DIRECTIONS FOR THIS TASK
Here is the listing. Report each line in it that contains the string "High".

DATASET RECORDS
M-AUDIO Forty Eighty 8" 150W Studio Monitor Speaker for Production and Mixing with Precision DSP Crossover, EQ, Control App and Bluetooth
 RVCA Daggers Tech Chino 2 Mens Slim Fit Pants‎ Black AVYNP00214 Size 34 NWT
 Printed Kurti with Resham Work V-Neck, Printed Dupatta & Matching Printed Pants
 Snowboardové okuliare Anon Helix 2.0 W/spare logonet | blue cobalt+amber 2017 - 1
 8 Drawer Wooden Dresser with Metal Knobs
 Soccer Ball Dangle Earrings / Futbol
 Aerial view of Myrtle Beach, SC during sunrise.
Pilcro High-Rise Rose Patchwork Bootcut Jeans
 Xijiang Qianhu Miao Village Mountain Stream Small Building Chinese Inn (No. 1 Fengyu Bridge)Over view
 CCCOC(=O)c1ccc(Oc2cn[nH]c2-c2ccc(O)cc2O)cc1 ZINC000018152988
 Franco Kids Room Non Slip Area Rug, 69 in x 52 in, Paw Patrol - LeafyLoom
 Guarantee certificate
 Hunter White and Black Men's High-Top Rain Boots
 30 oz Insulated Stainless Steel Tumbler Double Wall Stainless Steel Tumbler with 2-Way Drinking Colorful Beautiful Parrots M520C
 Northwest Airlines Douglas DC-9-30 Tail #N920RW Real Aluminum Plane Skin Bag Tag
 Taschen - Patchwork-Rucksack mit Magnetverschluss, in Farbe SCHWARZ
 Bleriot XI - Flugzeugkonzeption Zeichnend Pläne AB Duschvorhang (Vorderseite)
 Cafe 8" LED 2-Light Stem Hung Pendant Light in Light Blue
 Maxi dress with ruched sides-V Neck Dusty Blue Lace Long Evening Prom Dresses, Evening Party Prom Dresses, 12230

EXPECTED ANSWER
Pilcro High-Rise Rose Patchwork Bootcut Jeans
 Hunter White and Black Men's High-Top Rain Boots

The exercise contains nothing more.